Sonuç olarak, tek taraflı kasık fıtığı onarımı ile aynı seansta iki taraflı fıtık onarımı karşılaştırıldığında operatif ve postoperatif dönem sonuçları arasında istatistiksel açıdan belirgin bir fark olmadığı için iki taraflı kasık fıtığı olan hastalarda iki taraf fıtık onarımlarının tek seansta yapılmasını önermekteyiz. Böylece hasta ikinci bir operasyondan ve bu operasyonun risklerinden kurtarılmış olur. Ayrıca hastanın ikinci defa postoperatif dönemdeki ağrıyı çekmeyecek olması, fıtık ile yaşamanın ve yeni bir operasyonu beklemenin ortaya çıkaracağı psikolojik stresten kurtulması, işinden daha az uzak kalmaya bağlı finansal kazanç sağlanması, karşı taraftaki fıtığa bağlı olumsuz koşulların ve inkarserasyon riskinin ortadan kalkmış olması aynı seansta iki taraflı fıtık onarımının hastaya sağladığı diğer avantajlardır [2].

Kaynaklar

  1. Amid PK, Shulman AG, Lichtenstein IL. Open “Tension-Free” repair of inguinal hernias; The Lichtenstein technique. Eur J Surg, 1996; 162: 447-453.
  2. Dakkuri RA, Ludwig DJ, Traverso LW. Should bilateral inguinal hernias be repaired during one operation? Am J Surg, 2002; 183: 554 - 557
  3. Kurzer M, Belsham PA, Kark AE. The Lichtenstein repair. Surg Clin North Am, 1998; 78: 1025-1046.
  4. Shulman AG, Amid PK, Lichtenstein IL. A survey of non-expert surgeons using the open tension-free mesh repair for primary inguinal hernias. Int Surg, 1995; 80: 35-6.
  5. Kingsnorth AN, Bowley DMG, Porter C. A prospective study of 1000 hernias: results of the Plymouth Hernia Service. Ann R Coll Surg Engl, 2003; 85: 18-22.

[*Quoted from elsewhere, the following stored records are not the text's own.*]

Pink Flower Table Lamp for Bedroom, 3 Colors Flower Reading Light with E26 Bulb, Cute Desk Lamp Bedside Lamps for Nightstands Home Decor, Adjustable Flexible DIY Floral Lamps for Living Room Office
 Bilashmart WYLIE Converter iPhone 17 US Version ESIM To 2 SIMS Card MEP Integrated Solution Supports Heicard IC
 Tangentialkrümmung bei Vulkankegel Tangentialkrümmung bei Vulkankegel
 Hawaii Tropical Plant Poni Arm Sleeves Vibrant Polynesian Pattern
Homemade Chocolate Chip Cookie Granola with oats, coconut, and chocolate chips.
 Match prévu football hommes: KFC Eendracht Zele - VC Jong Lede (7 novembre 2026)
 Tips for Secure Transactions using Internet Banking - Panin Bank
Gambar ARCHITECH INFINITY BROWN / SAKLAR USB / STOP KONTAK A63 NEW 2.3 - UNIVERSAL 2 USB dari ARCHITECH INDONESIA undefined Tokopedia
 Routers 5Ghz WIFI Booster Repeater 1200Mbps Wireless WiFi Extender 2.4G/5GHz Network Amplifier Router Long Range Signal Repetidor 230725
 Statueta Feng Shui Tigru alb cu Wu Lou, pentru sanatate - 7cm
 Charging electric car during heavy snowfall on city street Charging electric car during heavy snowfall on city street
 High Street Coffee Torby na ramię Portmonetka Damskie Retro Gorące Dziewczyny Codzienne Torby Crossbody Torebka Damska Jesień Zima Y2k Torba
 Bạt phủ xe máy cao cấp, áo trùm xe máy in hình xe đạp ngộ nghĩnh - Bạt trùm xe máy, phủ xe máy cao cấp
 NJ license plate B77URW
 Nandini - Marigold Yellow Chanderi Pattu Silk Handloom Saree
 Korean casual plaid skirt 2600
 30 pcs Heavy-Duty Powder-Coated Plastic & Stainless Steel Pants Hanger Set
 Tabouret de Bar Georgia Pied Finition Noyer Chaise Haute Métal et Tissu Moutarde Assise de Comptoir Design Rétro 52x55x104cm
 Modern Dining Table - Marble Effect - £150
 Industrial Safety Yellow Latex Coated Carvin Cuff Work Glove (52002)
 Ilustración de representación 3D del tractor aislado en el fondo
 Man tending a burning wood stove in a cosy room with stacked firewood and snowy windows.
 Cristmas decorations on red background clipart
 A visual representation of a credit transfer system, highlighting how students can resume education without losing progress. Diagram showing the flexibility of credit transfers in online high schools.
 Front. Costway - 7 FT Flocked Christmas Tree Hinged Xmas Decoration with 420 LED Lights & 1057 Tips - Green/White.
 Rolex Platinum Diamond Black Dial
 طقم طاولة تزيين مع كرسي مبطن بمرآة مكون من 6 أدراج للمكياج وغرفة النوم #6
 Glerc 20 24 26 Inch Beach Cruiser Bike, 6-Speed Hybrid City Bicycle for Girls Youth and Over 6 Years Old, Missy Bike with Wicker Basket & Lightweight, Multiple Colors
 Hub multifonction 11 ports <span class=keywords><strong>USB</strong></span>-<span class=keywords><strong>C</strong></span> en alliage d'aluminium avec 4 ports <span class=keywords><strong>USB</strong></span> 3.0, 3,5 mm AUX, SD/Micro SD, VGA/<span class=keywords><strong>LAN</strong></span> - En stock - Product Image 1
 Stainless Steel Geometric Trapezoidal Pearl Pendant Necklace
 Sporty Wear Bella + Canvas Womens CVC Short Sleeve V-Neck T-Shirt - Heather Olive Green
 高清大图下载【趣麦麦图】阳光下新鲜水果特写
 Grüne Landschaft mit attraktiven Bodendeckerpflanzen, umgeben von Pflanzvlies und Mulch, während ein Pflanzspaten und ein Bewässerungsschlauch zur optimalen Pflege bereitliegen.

  6. Salcedo-Wasicek MC, Thirlby RC. Postoperative course after inguinal herniorraphy. A case controlled comparison of patients receiving worker's compensation versus patients with commercial insurance. Arch Surg, 1995; 130: 29-32.
  7. Sakorafas GH, Halikias L, Nissotakis C, et al. Open tension free repair of inguinal hernias; the Lichtenstein technique. BMC Surg, 2001; 1: 3.
  8. Rosch R, Klinge U, Si Z, et al. A role for the collagen I/III and MMP-1/-13 genes in primary inguinal hernia? BMC Med Genet, 2002; 3:2.
  9. Hetzer FH, Hotz T, Steinke W, et al. Gold stan-dard for inguinal hernia repair: Shouldice or Lichtenstein? Hernia, 1999; 3: 117-120.
  10. Kark AE, Belsham PA, Kurzer MN. Simultaneous repair of bilateral groin hernias using local anaesthesia: a review of 199 cases with a five-year follow-up. Hernia, 2005; 9: 131-133.
  11. Ozgun H, Kurt MN, Kurt I, et al. Comparison of local, spinal, and general anaesthesia for inguinal herniorrhaphy. Eur J Surg. 2002; 168: 455-459.